• _Goal of the exercise_
In the copy, keep every record exact and leave out all images.

+++

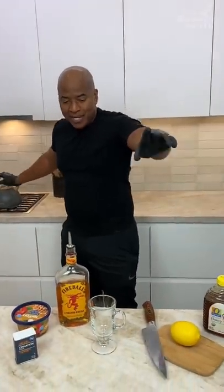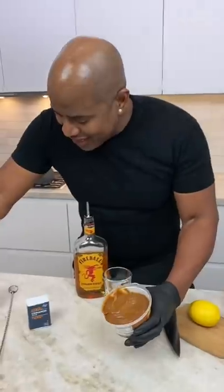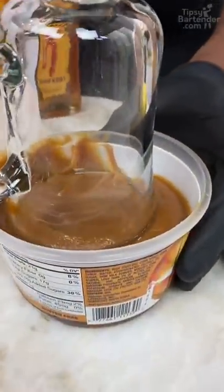Okay, hot toddy time. Now I know a lot of y'all out there are sick because it's that season or that pandemic. You need something to wash your little throat. A lot of y'all got a little sore throat, so we can stick this in some caramel.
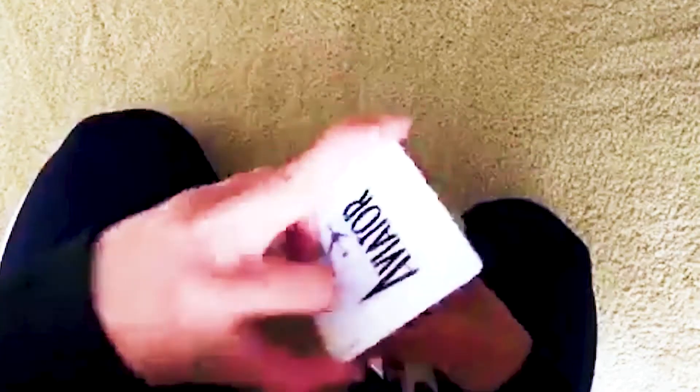That's the full speed version. To make it look better, you can add some flow and flare to it by sort of twirling it.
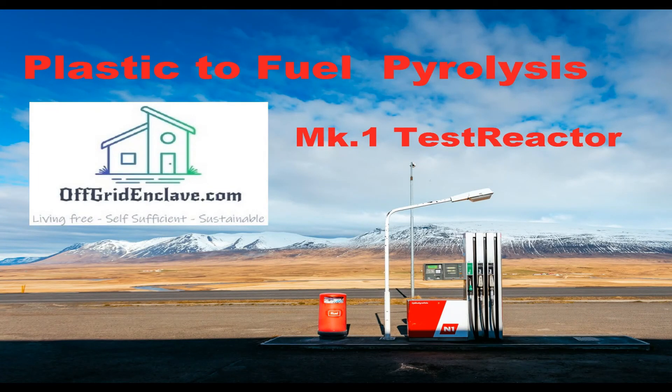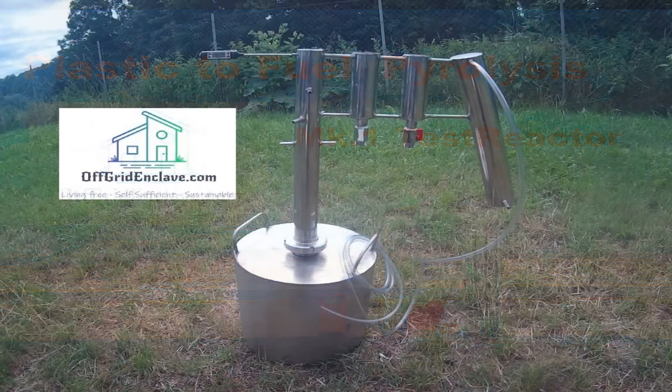Good day ladies and gentlemen, welcome back to the Off Grid Enclave channel. It's been a while since the first plastic to fuel pyrolysis video. Meanwhile, stuff happened, so today we'll be having a look at our first test reactor.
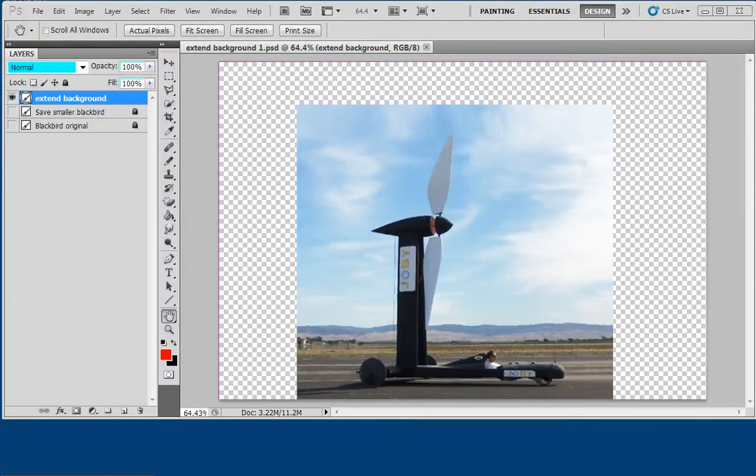Hi, Larry Alterman here. Today I'm going to show you how to extend the background to make a smaller picture into a bigger picture by extending the background. I don't want to make the picture of the car bigger — I want to keep the car the same size and only extend the background. I could stretch things, but then it's not going to be in proportion.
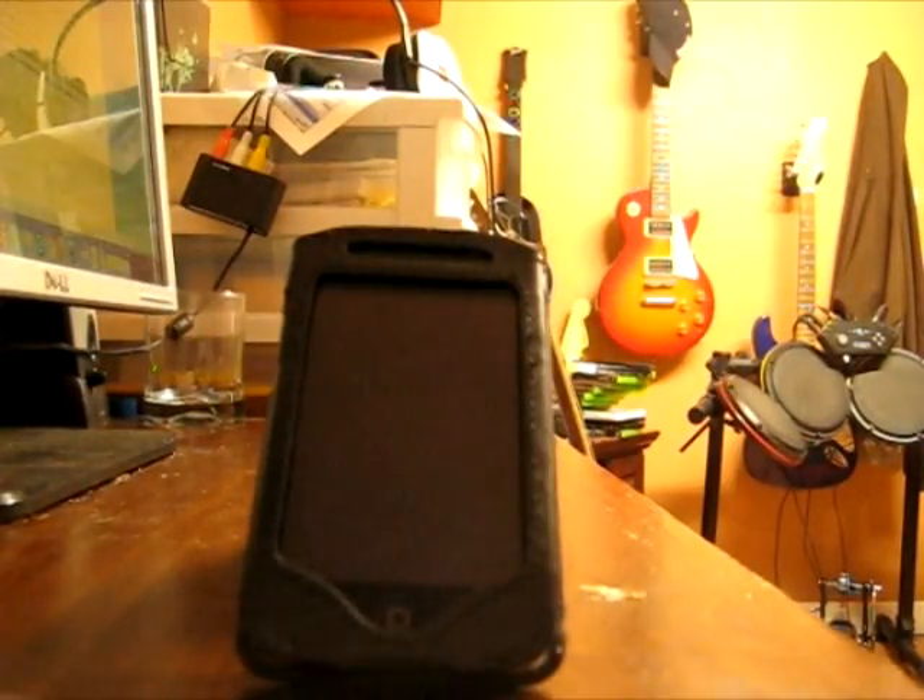Hello everyone and welcome to an M-Squared Afterview. Today we'll be reviewing the premium leather iPod Touch second generation case we bought from Amazon for $5.98 with shipping.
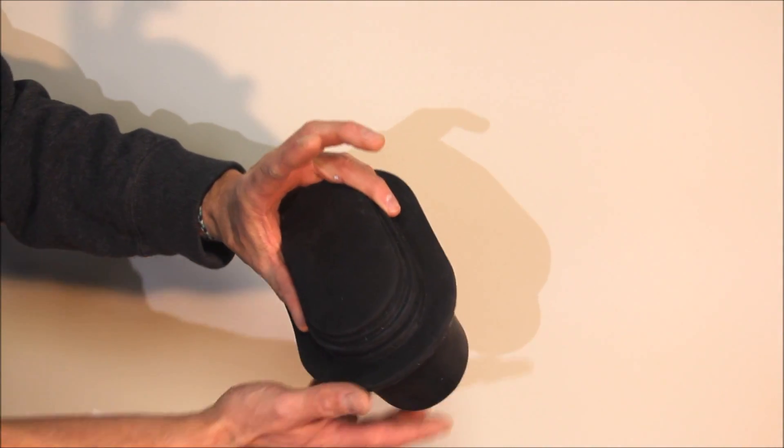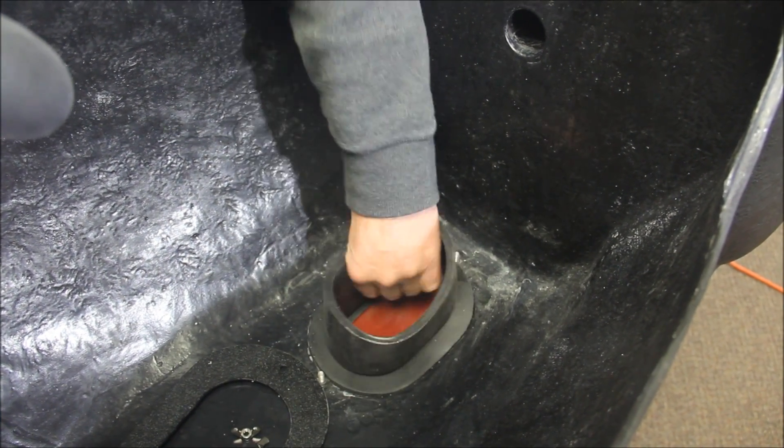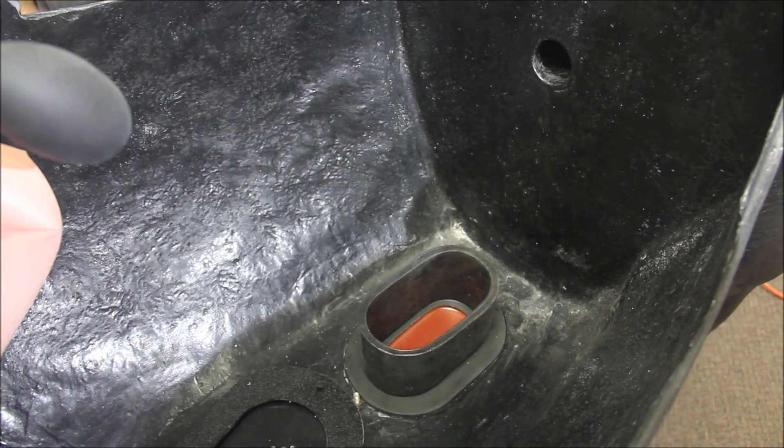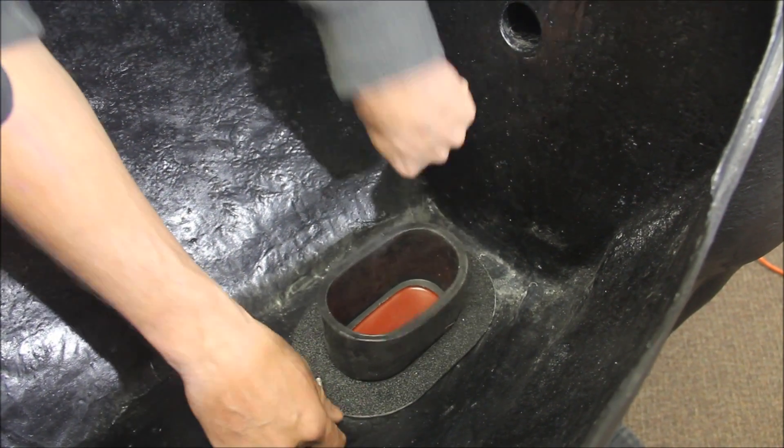Here is the abdominocentesis or belly tap plug, which is a replaceable part. It has a fluid reservoir for injections and features a palpable linea. It snaps into place and sits flush with the belly of the horse, and is held in by a plastic ring and two wing nuts.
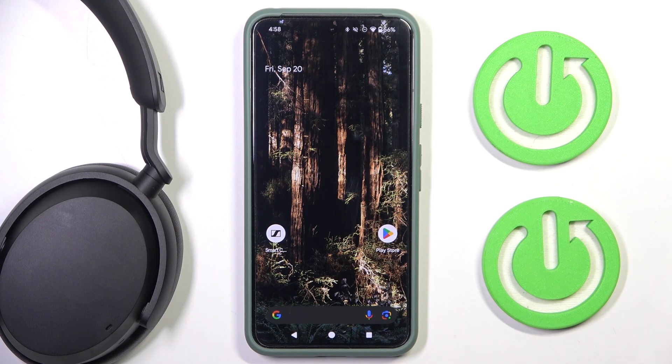Hi everyone, welcome! Today I have Sennheiser Accentum wireless headphones and I'm going to show you how you can easily check your firmware version.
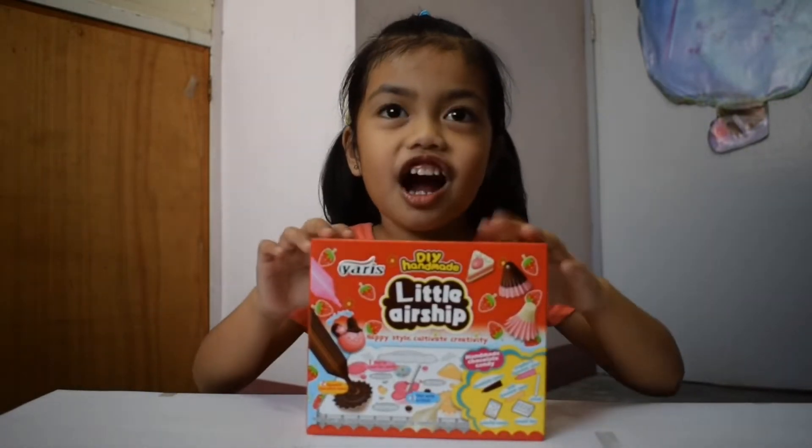Hi guys, welcome back to Matata. Today we're going to do this DIY chocolate.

+++

• _Solution to this task_
Okay, hot toddy time. Now I know a lot of y'all out there are sick because it's that season or that pandemic. You need something to wash your little throat. A lot of y'all got a little sore throat, so we can stick this in some caramel.
That's the full speed version. To make it look better, you can add some flow and flare to it by sort of twirling it.
Good day ladies and gentlemen, welcome back to the Off Grid Enclave channel. It's been a while since the first plastic to fuel pyrolysis video. Meanwhile, stuff happened, so today we'll be having a look at our first test reactor.
Hi, Larry Alterman here. Today I'm going to show you how to extend the background to make a smaller picture into a bigger picture by extending the background. I don't want to make the picture of the car bigger — I want to keep the car the same size and only extend the background. I could stretch things, but then it's not going to be in proportion.
Hello everyone and welcome to an M-Squared Afterview. Today we'll be reviewing the premium leather iPod Touch second generation case we bought from Amazon for $5.98 with shipping.
Here is the abdominocentesis or belly tap plug, which is a replaceable part. It has a fluid reservoir for injections and features a palpable linea. It snaps into place and sits flush with the belly of the horse, and is held in by a plastic ring and two wing nuts.
Hi everyone, welcome! Today I have Sennheiser Accentum wireless headphones and I'm going to show you how you can easily check your firmware version.
Hi guys, welcome back to Matata. Today we're going to do this DIY chocolate.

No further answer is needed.